Es por todo esto que ante las palabras heteropatriarcales de Horacio Cartes: “Paraguay tiene que ser esa mujer linda, tiene que ser un país fácil”, ofreciendo al país para la venta o la apropiación, ofertándolo al mejor postor, es importante tanto como señalar su carácter ofensivo hacia las mujeres y hacia el país entero, desnudar las bases ideológicas sobre las que descansa el fraseo. Es ofensivo que Horacio crea que tiene derecho de uso y oferta de un país entero, con todas sus riquezas, y es ofensivo que –según su comparación– crea que también puede apropiarse de las mujeres y usarlas. Pero no se trata de que no nos traten como putas o de que no comparen al país con las putas, sino sobre todo que expone sin sombra de cuestionamiento al aparato de dominación que permite dividir a las mujeres en putas o santas, en fáciles o difíciles, en fáciles para unos y difíciles para otros, y a las personas en seres dominados según códigos sexo-corporales o en seres que dominan por simbolismo y uso de sus cuerpos sexuados.
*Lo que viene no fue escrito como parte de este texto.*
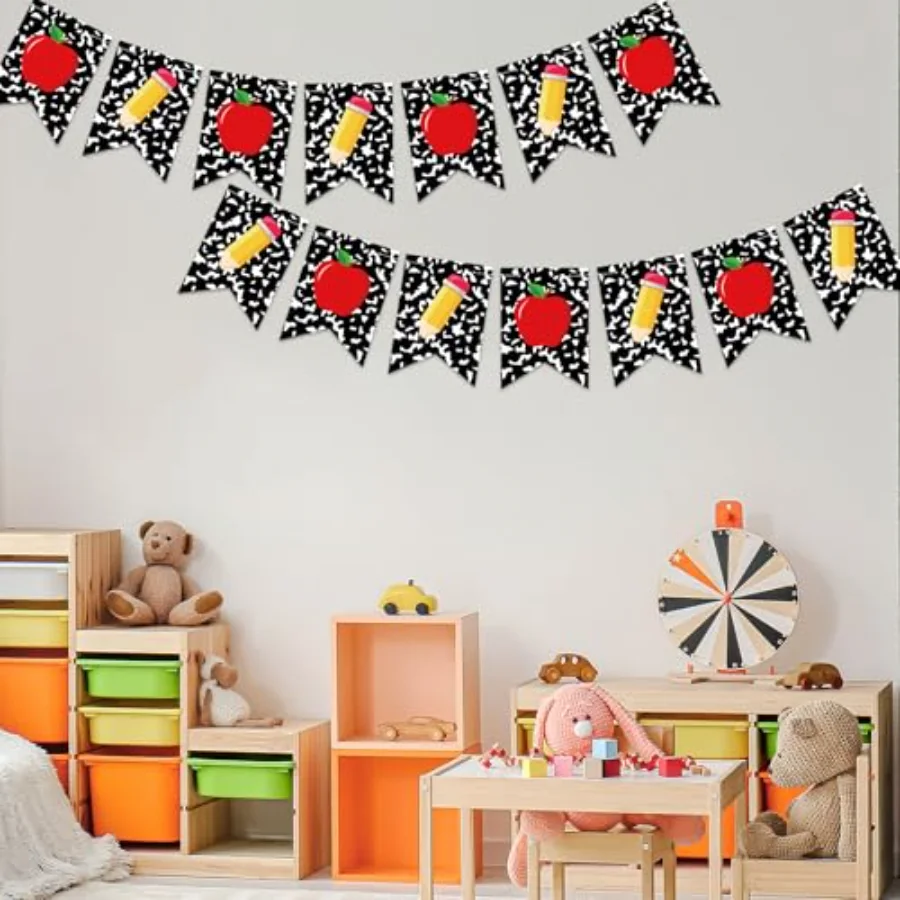 Back to School Decorations DIY Required Bunting Garland Composition Apples, view 4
Sin embargo, hasta en las críticas y en los chistes circulados en torno a los dichos presidenciales puede verse la repetición del patrón de dominación subyacente. A la gente le preocupa eso de que se les meta algo con facilidad, a los hombres porque les rompe el código dominante que se les ha reservado; a las mujeres, porque las ubica en un lugar ambivalente de ser objetos de deseo y estigmatización ante la mirada masculina y social, y porque si lo hacen desde la elección esto les da un poder inadmisible ante una sociedad que las aplastaría por apropiarse del placer y del deseo.

El problema no es ser fácil o ser difícil, sino la posición de dominio incuestionado que denota quien tiene la palabra para expresar y ubicar en estas categorías a cuerpos y países que considera pueden ser apropiados e intercambiados. Personas y países libres no son fáciles ni son difíciles: sería un imposible. Simplemente, tienen la autonomía para elegir sus destinos y ponerse en marcha.